Otra autoridad pública será posible en Guatemala sólo con democracia comunitaria. Las autoridades comunitarias son más auténticas que cualquier partido político. Aunque nos han obligado a vivir en la competencia de estar cada quien sacando agua para su molino, debemos remontar esa cultura y valorar profundamente las necesidades colectivas. La libertad de cada persona necesita de colectivos sanos y solidarios. En las comunidades se exige la autoridad compartida, se crea un ambiente de corresponsabilidad, se habla cara a cara de los problemas y las soluciones y también se rechazan a las autoridades que se venden a las ofertas lucrativas. Cientos de autoridades comunitarias, mujeres y hombres, son personas que saben, que entienden los problemas de la gente, que tienen conocimientos sobre cómo viven y cómo mejorar sus vidas.
Los 48 cantones existían antes de la Constitución de la República, existían antes que se impusiera esta nación monocultural. Por eso hablar de reformas políticas o educativas mientras no se reconoce la autoridad ancestral sólo confirma que este Estado prefiere la dictadura a la democracia. Un fascismo social que significa retener y aumentar privilegios a cualquier costo. En esa autoridad no reside el intercambio de saberes, no se encuentra el respeto a las diferencias, no se detecta voluntad común. Su poder es el terror y, en el fondo, como bien dijo Eduardo Galeano, todo autoritarismo es miedo a perder el poder.

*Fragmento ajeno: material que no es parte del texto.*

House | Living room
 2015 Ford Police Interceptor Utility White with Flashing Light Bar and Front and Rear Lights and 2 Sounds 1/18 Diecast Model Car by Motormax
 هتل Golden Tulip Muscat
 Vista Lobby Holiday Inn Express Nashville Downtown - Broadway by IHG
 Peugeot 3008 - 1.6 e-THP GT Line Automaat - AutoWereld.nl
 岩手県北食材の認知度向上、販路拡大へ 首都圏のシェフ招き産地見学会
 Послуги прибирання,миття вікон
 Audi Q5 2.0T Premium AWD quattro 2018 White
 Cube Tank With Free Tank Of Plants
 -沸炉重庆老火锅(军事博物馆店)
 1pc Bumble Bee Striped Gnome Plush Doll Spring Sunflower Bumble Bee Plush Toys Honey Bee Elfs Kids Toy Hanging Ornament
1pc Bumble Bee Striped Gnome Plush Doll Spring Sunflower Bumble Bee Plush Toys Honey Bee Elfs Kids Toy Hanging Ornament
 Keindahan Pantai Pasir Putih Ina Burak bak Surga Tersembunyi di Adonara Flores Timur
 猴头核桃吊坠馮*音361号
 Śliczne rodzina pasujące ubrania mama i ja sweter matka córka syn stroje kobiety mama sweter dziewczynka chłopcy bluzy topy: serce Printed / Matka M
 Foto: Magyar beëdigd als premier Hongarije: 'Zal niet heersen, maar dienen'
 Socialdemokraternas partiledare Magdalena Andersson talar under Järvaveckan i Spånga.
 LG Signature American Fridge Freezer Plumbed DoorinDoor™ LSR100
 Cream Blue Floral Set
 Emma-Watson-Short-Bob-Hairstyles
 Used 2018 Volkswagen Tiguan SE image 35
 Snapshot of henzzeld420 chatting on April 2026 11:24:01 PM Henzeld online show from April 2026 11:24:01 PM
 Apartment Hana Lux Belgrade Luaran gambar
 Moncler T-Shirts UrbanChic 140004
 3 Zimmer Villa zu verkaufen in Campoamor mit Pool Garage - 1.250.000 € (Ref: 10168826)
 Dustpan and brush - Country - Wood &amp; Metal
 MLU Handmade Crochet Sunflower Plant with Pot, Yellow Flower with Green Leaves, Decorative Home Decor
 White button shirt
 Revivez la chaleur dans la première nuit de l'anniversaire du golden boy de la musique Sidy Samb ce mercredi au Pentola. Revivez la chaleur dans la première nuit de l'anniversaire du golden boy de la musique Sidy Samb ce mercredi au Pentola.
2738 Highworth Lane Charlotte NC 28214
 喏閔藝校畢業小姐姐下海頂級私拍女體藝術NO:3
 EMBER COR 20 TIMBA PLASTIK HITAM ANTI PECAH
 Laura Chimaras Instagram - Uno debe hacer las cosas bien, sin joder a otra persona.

Si queremos mirar adelante observemos el ayer con atención. Ninguna dictadura debe cobrar vida otra vez en Guatemala y ninguna falsa democracia, de siervos y señores, de soldados disfrazados, de políticos ovejeros, debe ser tolerada. Necesitamos otras instituciones estatales, otro régimen de autoridad pública, otras economías, donde florezca la autoridad comunitaria como expresión de una voluntad común para cuidar la vida. Necesitamos una democracia revolucionaria, profunda, dedicada a combatir tantas desigualdades y a construir lo necesario para vivir bien. Nos han quitado el poder de decidir sobre nuestras vidas y es lo que debemos recuperar. Los pueblos existen, que se levanten, que ninguno se quede atrás; este mensaje viene del ayer y no podemos seguir desoyéndolo, tal y como quiere la dictadura, con nuestra cabeza agachada.